> _Exercise requirements_: Would you copy every record exactly as it stands and drop the pictures?

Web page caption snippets
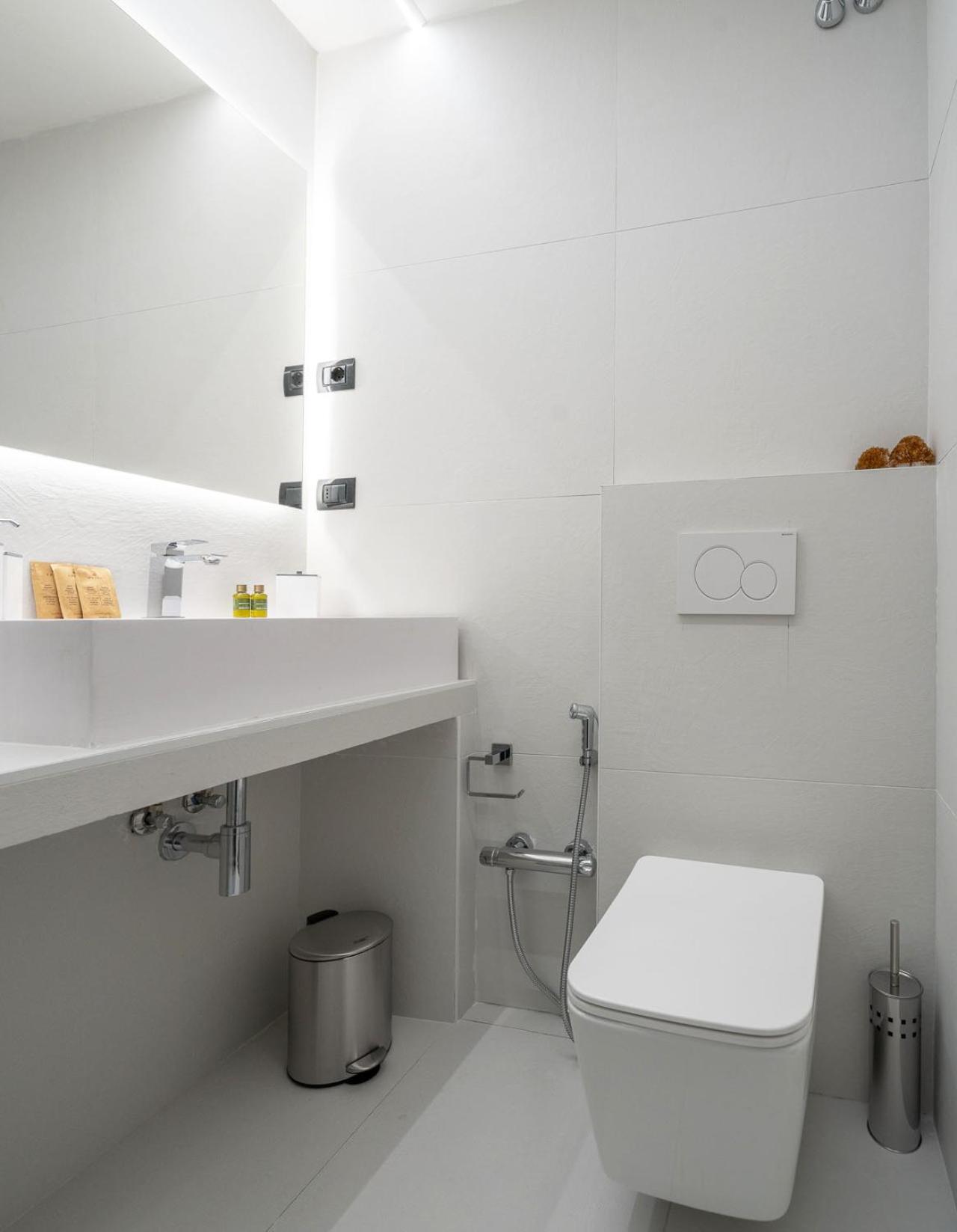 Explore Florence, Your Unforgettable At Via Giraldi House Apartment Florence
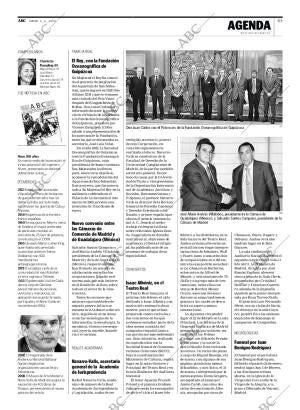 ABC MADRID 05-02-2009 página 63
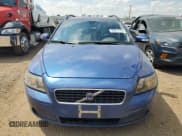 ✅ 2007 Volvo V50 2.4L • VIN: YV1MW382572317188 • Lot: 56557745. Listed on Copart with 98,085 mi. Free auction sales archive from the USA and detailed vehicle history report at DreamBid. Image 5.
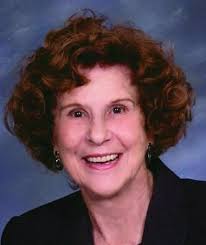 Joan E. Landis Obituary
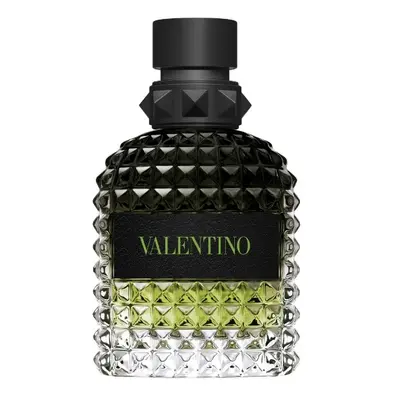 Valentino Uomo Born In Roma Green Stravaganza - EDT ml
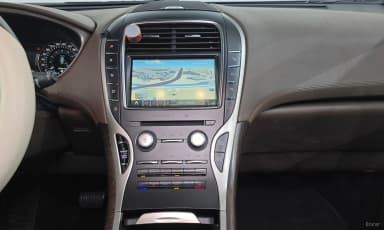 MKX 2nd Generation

> _Result of this task_:
 Explore Florence, Your Unforgettable At Via Giraldi House Apartment Florence
 ABC MADRID 05-02-2009 página 63
 ✅ 2007 Volvo V50 2.4L • VIN: YV1MW382572317188 • Lot: 56557745. Listed on Copart with 98,085 mi. Free auction sales archive from the USA and detailed vehicle history report at DreamBid. Image 5.
 Joan E. Landis Obituary
 Valentino Uomo Born In Roma Green Stravaganza - EDT ml
 MKX 2nd Generation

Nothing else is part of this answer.